The Georgia State Lottery folks must feel like they just won one of their own games since two men that were suing the organization for $5 million lost their case on Monday, according to the Atlanta Journal Constitution.

The suit involved the logo for Georgia’s MONEYBAG$ game, a velvet pouch with wooden tiles, which George Kyle had registered as a trademark in 1995. It was used by the Georgia Lottery with permission from 1999 to 2002, but it also appeared on scratch-off tickets in 2005 and 2007, the Journal-Constitution reports.

“Scientific Games, which prints the tickets for the Georgia Lottery, did not seek Kyle’s permission to use the logo again” and the Georgia Lottery went ahead with the game and grossed profits of $2.4 million in 2005 and $2.6 million in 2007, the paper reports.

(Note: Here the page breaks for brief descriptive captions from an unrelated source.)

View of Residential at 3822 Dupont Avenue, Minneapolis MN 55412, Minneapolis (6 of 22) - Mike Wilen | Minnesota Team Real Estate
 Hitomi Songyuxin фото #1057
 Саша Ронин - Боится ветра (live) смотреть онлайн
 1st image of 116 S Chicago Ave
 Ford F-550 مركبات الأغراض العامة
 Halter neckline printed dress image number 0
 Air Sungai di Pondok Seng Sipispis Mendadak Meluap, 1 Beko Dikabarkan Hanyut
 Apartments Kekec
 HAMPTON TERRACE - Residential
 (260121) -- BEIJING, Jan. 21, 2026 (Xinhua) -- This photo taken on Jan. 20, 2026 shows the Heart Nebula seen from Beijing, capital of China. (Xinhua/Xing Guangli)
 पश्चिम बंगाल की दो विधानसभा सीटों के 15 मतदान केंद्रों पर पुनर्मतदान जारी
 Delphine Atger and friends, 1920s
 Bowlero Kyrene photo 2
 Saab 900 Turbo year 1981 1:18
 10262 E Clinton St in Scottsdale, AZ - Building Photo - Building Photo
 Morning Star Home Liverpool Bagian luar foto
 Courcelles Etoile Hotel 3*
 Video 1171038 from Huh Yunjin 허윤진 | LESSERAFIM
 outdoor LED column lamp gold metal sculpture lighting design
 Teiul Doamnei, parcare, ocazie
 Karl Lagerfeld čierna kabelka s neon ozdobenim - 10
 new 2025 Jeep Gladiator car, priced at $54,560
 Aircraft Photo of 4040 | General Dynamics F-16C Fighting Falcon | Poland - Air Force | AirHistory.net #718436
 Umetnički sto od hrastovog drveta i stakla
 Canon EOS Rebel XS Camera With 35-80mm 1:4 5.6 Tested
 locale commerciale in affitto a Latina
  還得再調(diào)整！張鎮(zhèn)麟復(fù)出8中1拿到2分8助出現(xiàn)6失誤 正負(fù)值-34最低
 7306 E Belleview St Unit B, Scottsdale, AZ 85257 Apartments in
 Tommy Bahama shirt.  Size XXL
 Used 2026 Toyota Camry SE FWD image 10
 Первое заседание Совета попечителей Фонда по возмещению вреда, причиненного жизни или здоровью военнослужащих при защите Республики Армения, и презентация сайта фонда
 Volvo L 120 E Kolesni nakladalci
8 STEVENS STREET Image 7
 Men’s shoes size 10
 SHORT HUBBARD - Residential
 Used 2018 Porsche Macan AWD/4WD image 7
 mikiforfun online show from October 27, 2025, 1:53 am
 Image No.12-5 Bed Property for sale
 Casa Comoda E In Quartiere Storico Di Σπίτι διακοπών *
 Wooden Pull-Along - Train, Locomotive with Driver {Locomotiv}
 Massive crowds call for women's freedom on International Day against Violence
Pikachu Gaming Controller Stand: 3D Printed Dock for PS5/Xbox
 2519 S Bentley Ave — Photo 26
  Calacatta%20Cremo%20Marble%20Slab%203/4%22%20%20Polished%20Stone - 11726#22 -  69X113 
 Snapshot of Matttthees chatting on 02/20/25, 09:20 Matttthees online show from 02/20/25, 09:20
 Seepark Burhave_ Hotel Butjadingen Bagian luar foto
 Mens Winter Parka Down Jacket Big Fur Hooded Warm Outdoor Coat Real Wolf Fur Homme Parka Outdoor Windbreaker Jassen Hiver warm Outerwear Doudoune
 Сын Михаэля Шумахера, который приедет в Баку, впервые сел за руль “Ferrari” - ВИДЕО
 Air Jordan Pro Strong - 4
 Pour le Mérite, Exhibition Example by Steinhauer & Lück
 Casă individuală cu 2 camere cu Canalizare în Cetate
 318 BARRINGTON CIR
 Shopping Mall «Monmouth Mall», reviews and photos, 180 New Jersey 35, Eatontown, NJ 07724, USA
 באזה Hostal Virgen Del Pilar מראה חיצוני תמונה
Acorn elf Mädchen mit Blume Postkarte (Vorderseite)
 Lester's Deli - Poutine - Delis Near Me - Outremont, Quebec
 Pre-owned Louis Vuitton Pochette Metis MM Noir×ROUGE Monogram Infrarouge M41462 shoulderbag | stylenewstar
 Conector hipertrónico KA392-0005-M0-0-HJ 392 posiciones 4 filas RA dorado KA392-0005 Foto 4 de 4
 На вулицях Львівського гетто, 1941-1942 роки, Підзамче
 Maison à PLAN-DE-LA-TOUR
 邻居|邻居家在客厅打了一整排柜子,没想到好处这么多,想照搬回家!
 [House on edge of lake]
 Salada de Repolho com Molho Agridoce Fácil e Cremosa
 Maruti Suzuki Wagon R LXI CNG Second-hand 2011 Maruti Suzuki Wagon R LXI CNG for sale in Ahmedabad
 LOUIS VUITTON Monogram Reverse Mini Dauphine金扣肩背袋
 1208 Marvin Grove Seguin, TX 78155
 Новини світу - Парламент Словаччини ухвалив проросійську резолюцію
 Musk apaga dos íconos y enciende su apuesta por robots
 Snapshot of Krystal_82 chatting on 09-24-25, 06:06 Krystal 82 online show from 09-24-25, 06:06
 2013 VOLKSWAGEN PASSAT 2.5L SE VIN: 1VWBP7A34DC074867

In Monday’s 4-3 ruling, the state Supreme Court said that “the Georgia Lottery is shielded from liability by sovereign immunity,” the AJC reports, and that Kyle and another involved party, Frank Mankovitch “failed to legally establish trademark rights for their logo.”[more]

Meanwhile, Minnesota’s Jackpot Junction Casino Hotel, which opened in 1984 as just a little bingo hall and has grown to hold 1,250 slot machines and 378 rooms, is unhappy with Las Vegas casino-supply company Gaming Support USA Inc., which has called its casino-signage business “JackpotJunction” for the more than five years, according to IPBrief.net.

Both sides have filed suit on the other. “Gaming Support argues (that) the Minnesota Casino’s ‘Jackpot Junction’ name is not famous; therefore, it is entitled to only a narrow scope of trademark protection,” IP Brief reports.